Task prompt.
A precise copy of the data is required, with every picture left out.

········

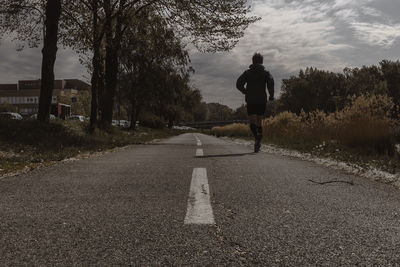 Rear view of man walking on road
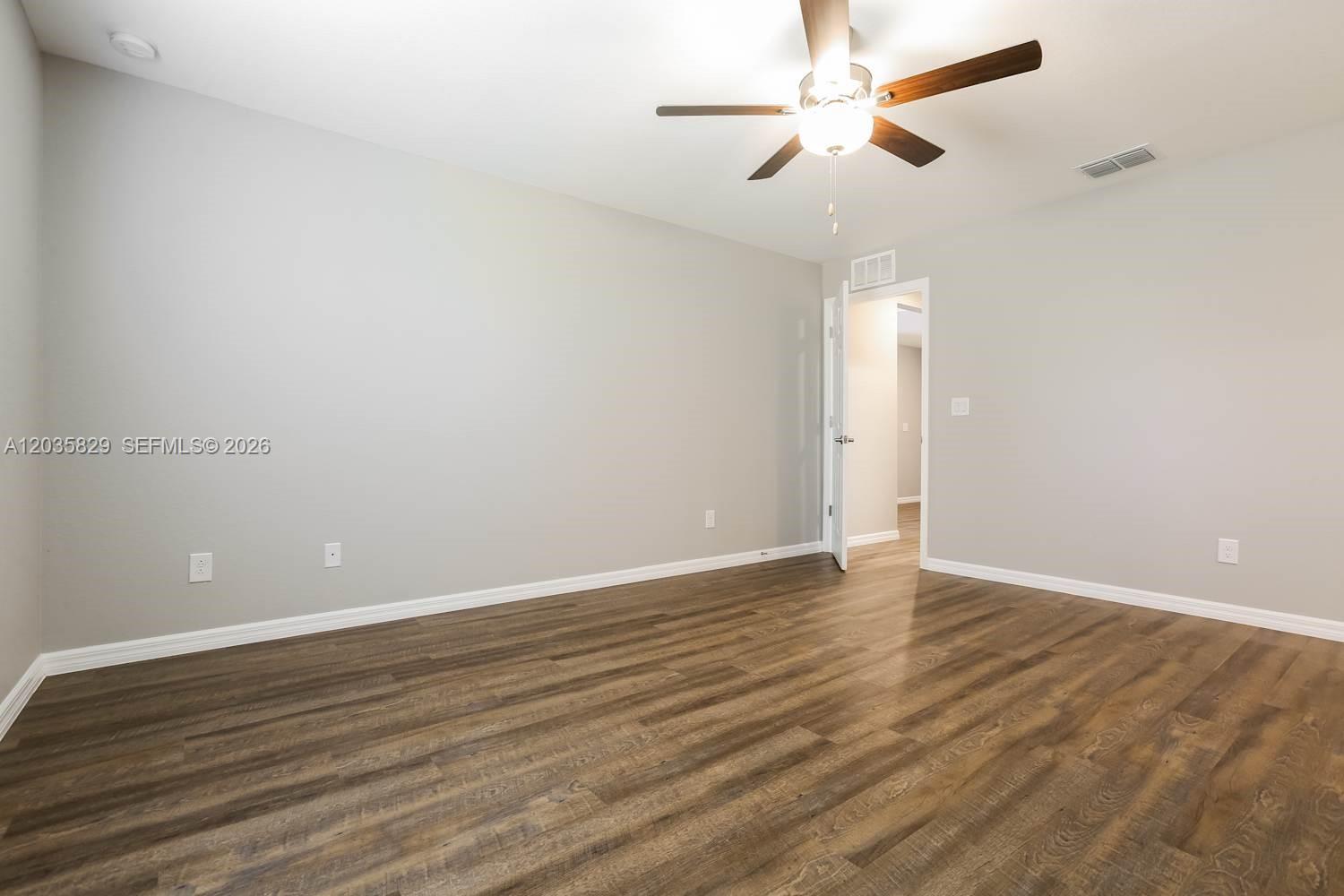 An empty room features light gray walls, dark wood-look flooring, and a ceiling fan — PORT ST. LUCIE, FL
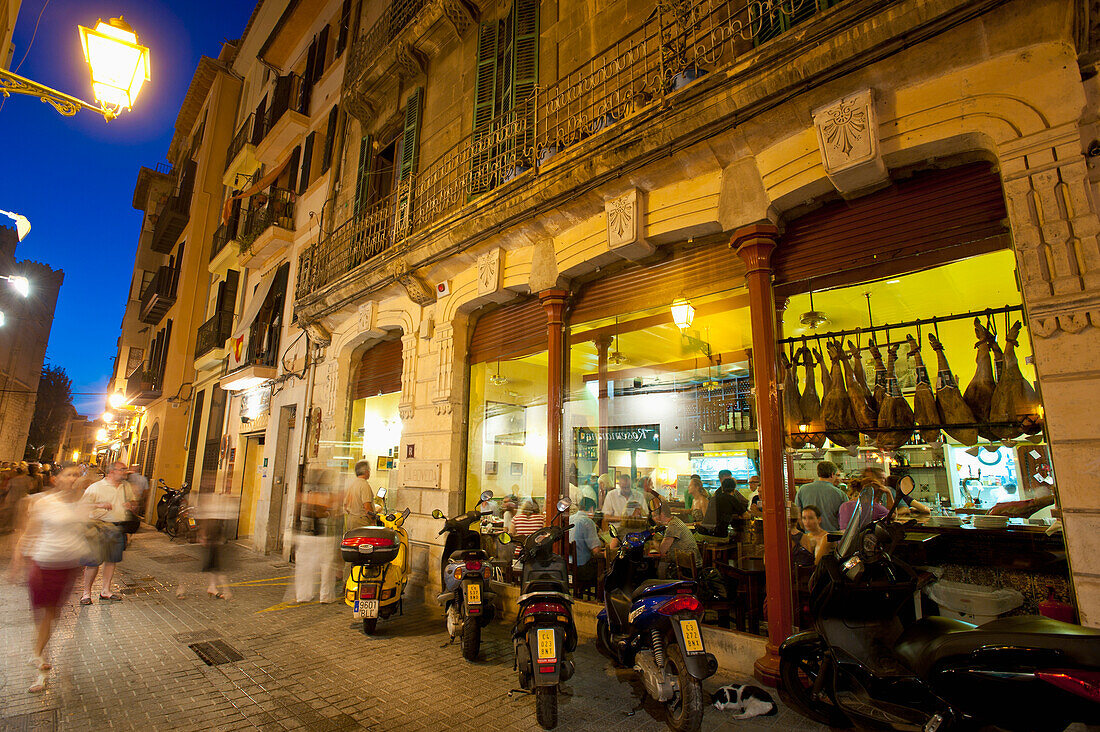 Spain,Majorca,People in cafes and restaurants at dusk,Palma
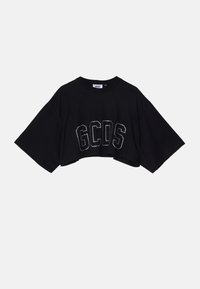 Camiseta negra corta con mangas anchas, que presenta el logo "GCDS" en strass. Hecha de suave tela de algodón con un escote redondo.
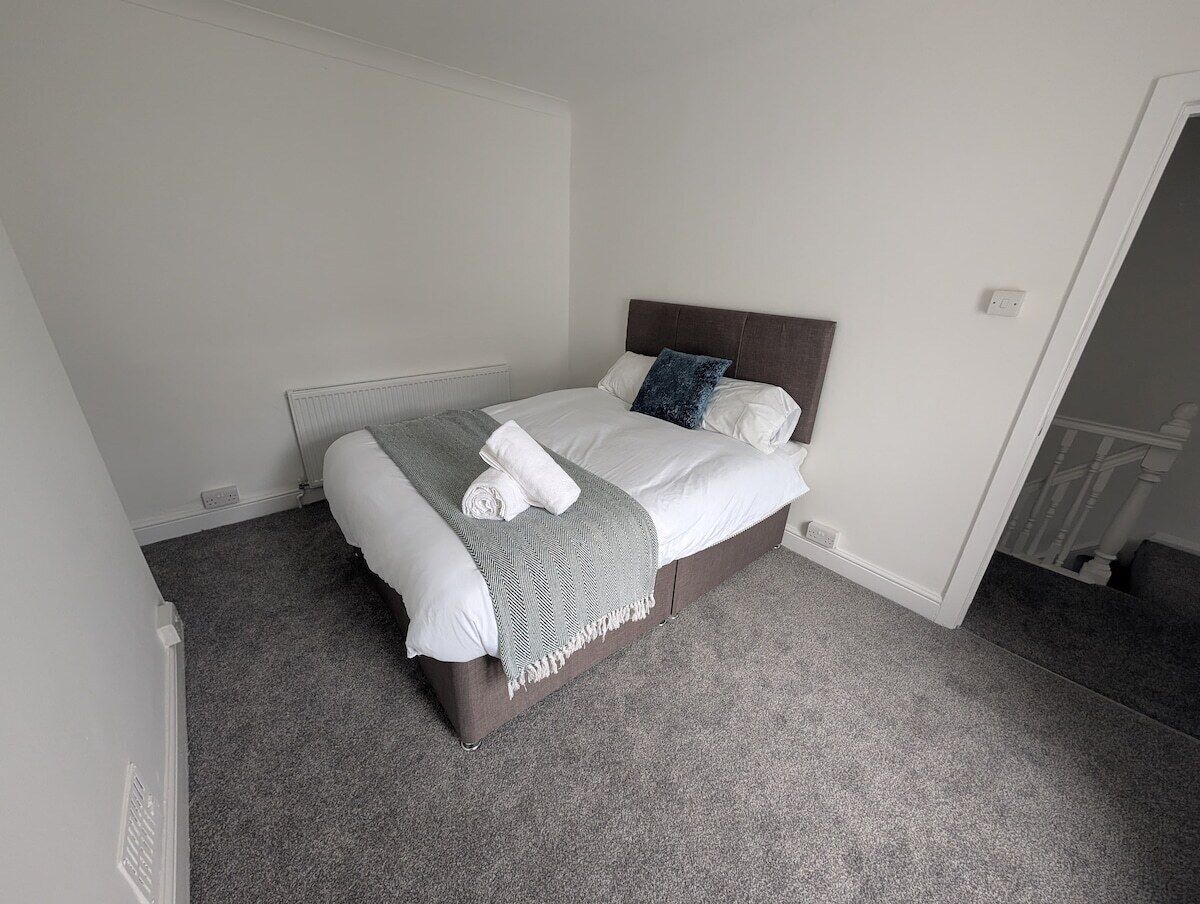 Un dormitorio con una cama, alfombra gris y pared blanca.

········

Your response.
 Rear view of man walking on road
 An empty room features light gray walls, dark wood-look flooring, and a ceiling fan — PORT ST. LUCIE, FL
 Spain,Majorca,People in cafes and restaurants at dusk,Palma
 Camiseta negra corta con mangas anchas, que presenta el logo "GCDS" en strass. Hecha de suave tela de algodón con un escote redondo.
 Un dormitorio con una cama, alfombra gris y pared blanca.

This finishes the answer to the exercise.